Gamification in Education

Games! Photo by Declan (TM) retrieved from Flickr. Used under Creative Commons license.
Games! Photo by Declan (TM) retrieved from Flickr. Used under Creative Commons license.

With technology seeping into most every aspect of life, it is important to take a step back and evaluate what are the best, most appropriate applications in your professional and personal life. How much technology is too much? Does a game/program enhance how a particular topic is conveyed?  Can games induce excitement about certain content?

In September 2012, Edudemic, in partnership with Knewton, posted an article titled, The 100-Second Guide To Gamification In Education.  Gamification is becoming a growing trend in which games are introduced as a teaching tool to supplement the delivery of core curriculum.  Therefore, the question remains, if over 5 million people play games more 45 hours a week, what elements of gaming can be cultivated for education? As a follow-up to this article, this month Edudemic posted 25 Things Teachers Should Know About Gamification.

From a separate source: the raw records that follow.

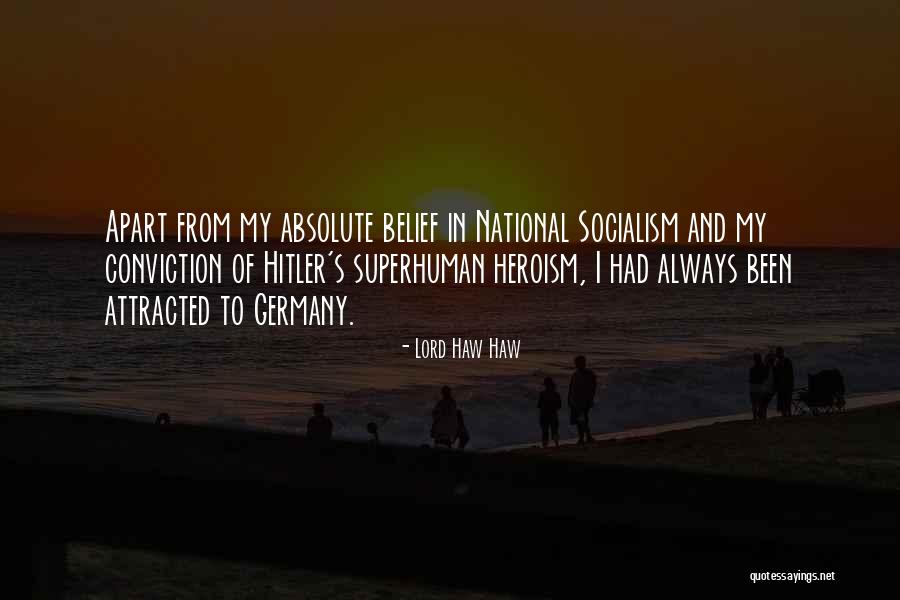 Eixo Terrestre Quotes By Lord Haw Haw Eixo Terrestre Quotes By Lord Haw Haw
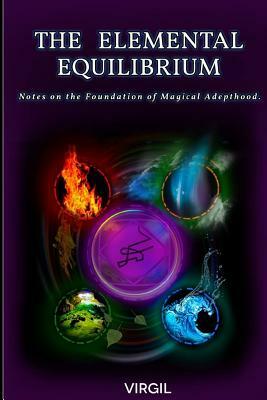 The Elemental Equilibrium: Notes on the Foundation of Magical Adepthood by Virgil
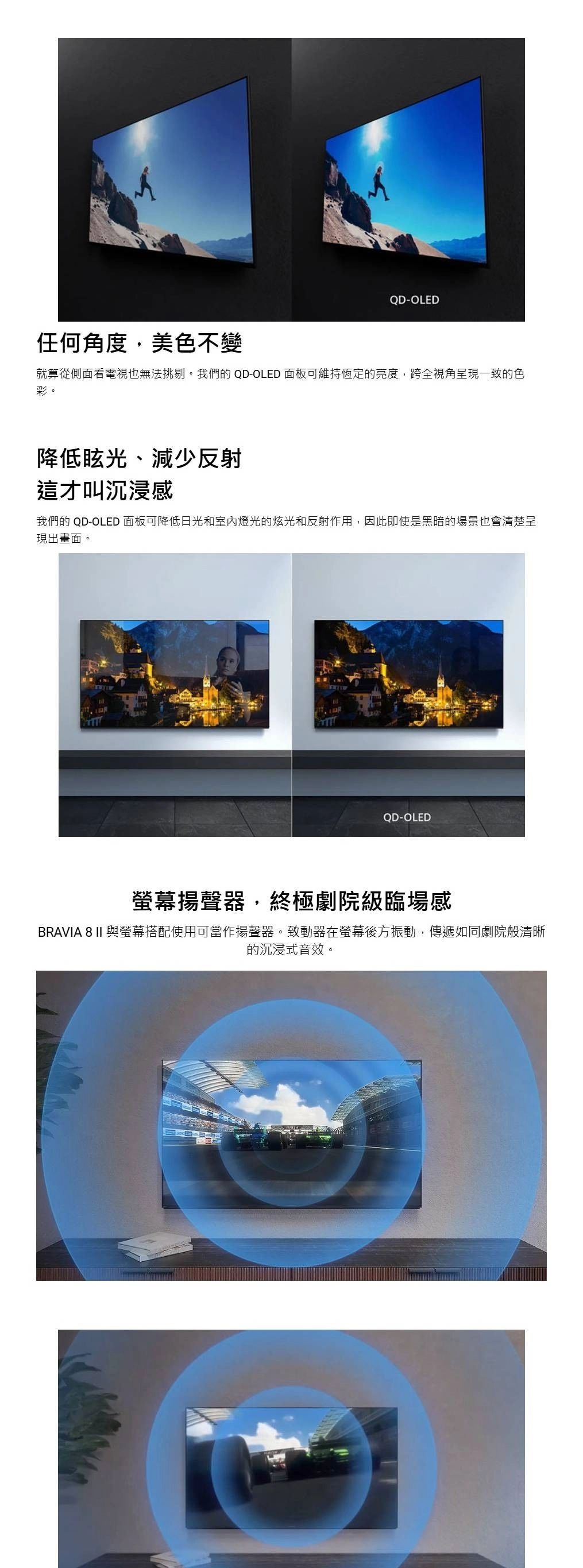 QD-OLED任何角度,美色不變就算從側面看電視也無法挑剔。我們的 QD-OLED 面板可維持恆定的亮度,跨全視角呈現一致的色彩。降低眩光、減少反射這才叫沉浸感我們的 QD-OLED 面板可降低日光和室內燈光的炫光和反射作用,因此即使是黑暗的場景也會清楚呈現出畫面。QD-OLED螢幕揚聲器,終極劇院級臨場感BRAVIA 8 II 與螢幕搭配使用可當作揚聲器。致動器在螢幕後方振動,傳遞如同劇院般清晰的沉浸式音效。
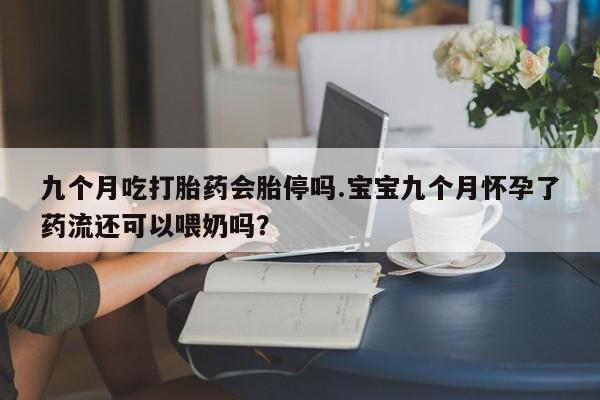 米非司酮打胎药官网九个月吃打胎药会胎停吗.宝宝九个月怀孕了药流还可以喂奶吗？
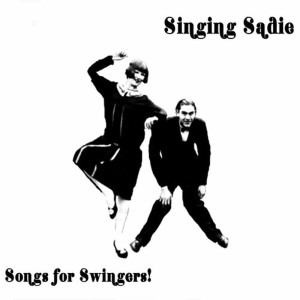 Singing Sadie的專輯Songs for swingers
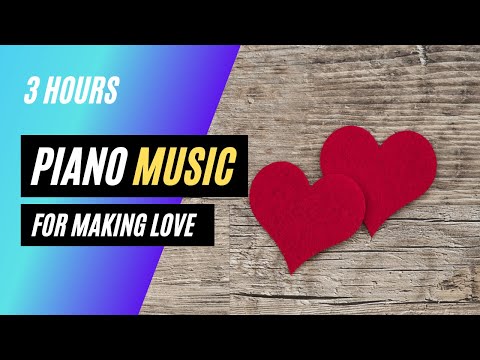 Piano Music For Making Love. 3 Hours OF Beautiful Background Music For Making Love!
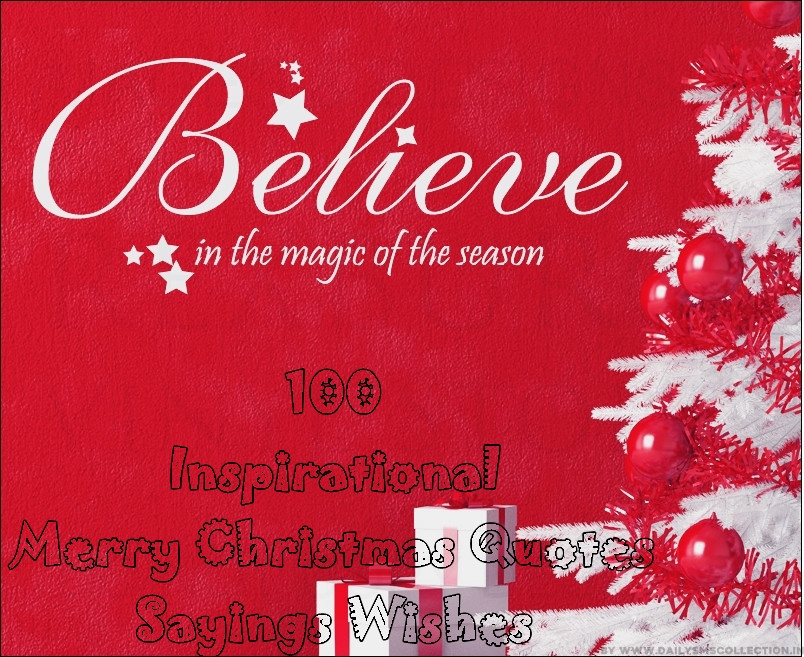Christmas Motivation Quote
 Top 100 Inspirational Merry Christmas Quotes Sayings Wishes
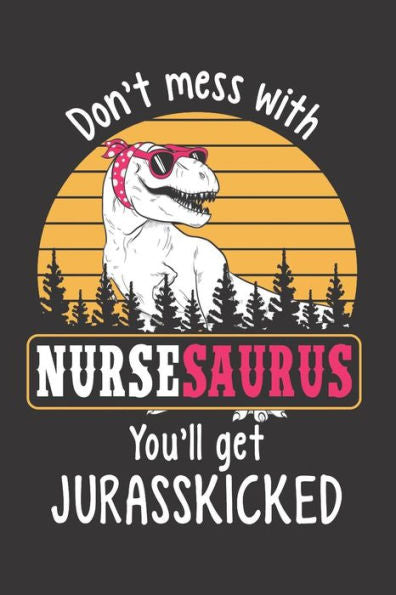 Don't Mess with Nursesaurus You?ll Get Jurasskicked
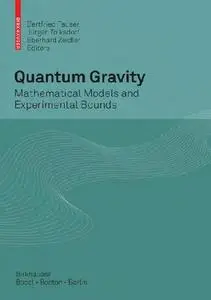 Quantum Gravity: Mathematical Models and Experimental Bounds (Repost)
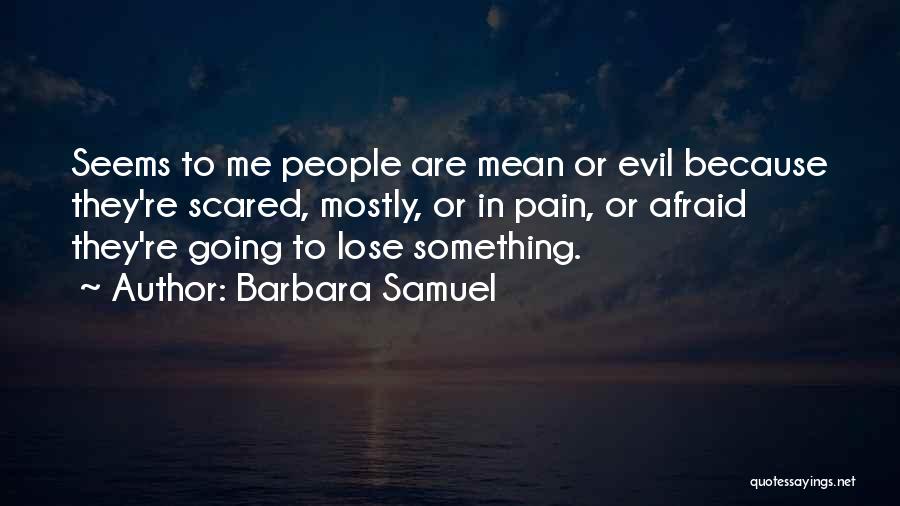Barbara Samuel Quotes 2171234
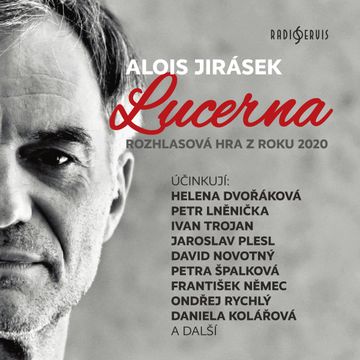 Lucerna audiobook, Alois Jirásek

Here are three points made in the full article;

#11. Gamification is designed with the assumption that players aren’t initially interested. This means games are exciting and engaging enough to capture the attention of an uninterested student and carry them through to the end.

#16. One goal of Gamification in the school setting is to allow kids to be creators of their own knowledge, allowing the teacher to be an assistant to the child’s learning journey.

#18. Gamification models are being used in other educational settings as well, such as job trainings and seminars.

2 thoughts on “Gamification in Education”

  1. I’ve been following gamification for a while but mostly from a fitness and consumer standpoint. Education is another good reach as it empowers the person/ student learning something new. It’s a great tool if used correctly.